The German Arbitration Institute published new rules in 2018 (DIS Rules 2018). In advance, various working groups collected feedback from the users as to what the requirements of modern institutional rules are. Now – four years later – the DIS has initiated a “practice lab” in which, inter alia, the experiences with the DIS Rules 2018 are discussed and potential for improvement is identified. I was involved both in the initial working groups as well as now in the practice labs. Through this involvement, I have gained considerable insight into the practical experiences of users, arbitrators and colleagues.
To what extent should more be done to improve the transparency of arbitration proceedings?
A call for transparency is justified in matters that involve public interests. While public interests are frequently touched upon in investor-state arbitrations, this is rarely the case in commercial disputes – perhaps except for certain anti-trust and IP disputes.

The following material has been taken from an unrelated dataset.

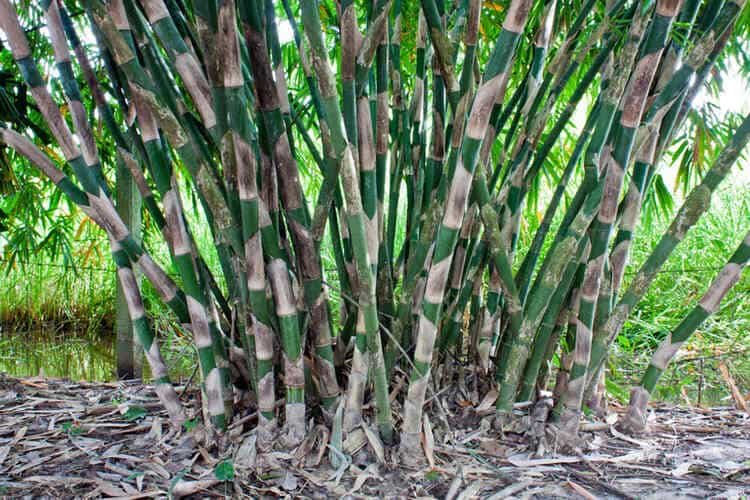 When Should I Fertilize Clumping Bamboo? Tips To Keep Green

In relation to commercial arbitrations, the principle of party autonomy – one of commercial arbitration’s most important features – commands to leave the decision regarding transparency to the parties. The dispute belongs to the parties, not to the public or the press. Thus, it is for the parties to decide if and to what extent they want the public to know about the proceedings and the content thereof. I am reluctant to deprive the parties of this advantage. This comes, however, at a price. In Germany, for example, one hardly finds any case-law regarding post M&A disputes since these are usually decided by arbitral tribunals and, therefore, not published.
The situation is somewhat different when it comes to investor-state arbitrations. Here, the public has a right to know what the public entity has done or is accused of. In that regard, much has been done in the past years to enhance transparency. For example, in 2014, the UNCITRAL Rules on Transparency in Treaty-based Investor-State Arbitration were published.

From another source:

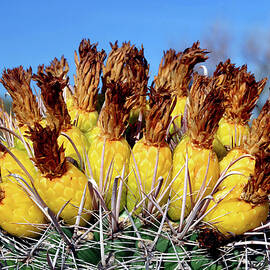 Ripening Barrel Cactus Fruits by Douglas Taylor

What role do you see third-party funding playing in arbitration moving forward?
Internationally, I believe that third-party funding will play an important role in high-value proceedings, be it investor-state or commercial arbitrations. In the last decade, we experienced a considerable growth in the number of investor-state arbitrations. This development will continue. Also, commercial arbitrations tend to become more complex and the average amount in dispute increases. Both fields are therefore lucrative for third-party funders.
From the German perspective, third-party funding still has a way to go. In the past years, many new funders entered the German market. Currently, the funders, however, seem to focus more on mass proceedings before state courts. A reason could be that some funders still lack the necessary know-how or that - in Germany - parties to high-volume disputes prefer to finance arbitrations themselves.
Why did you decide to set up your own firm?
Conflicts of interest are the arbitrator’s worst nightmare. Therefore, some colleagues decide at a certain point of their career to give up their legal practice and to work exclusively as an independent arbitrator. When I founded my own boutique law firm, I felt still “too young” to solely focus on my work as an arbitrator. I take great pleasure in going into battle as party representative for my clients. I did not want to have to choose between the two roles. My law firm now allows me to have the best of both worlds: I am (relatively) free with regard to conflicts of interest. And I can still help my clients to enforce their rights before arbitral tribunals or state courts.
You have enjoyed a very distinguished career so far. What would you like to achieve that you have not yet accomplished?
In the last two years, we have all experienced changes we never imagined before – be it a pandemic or a war in our close neighbourhood. With that in mind, I notice even more often than before how extremely privileged I am in life. When it comes to my law firm, I would be grateful if clients continue to trust in our expertise and professionalism and thus entrust us with challenging cases.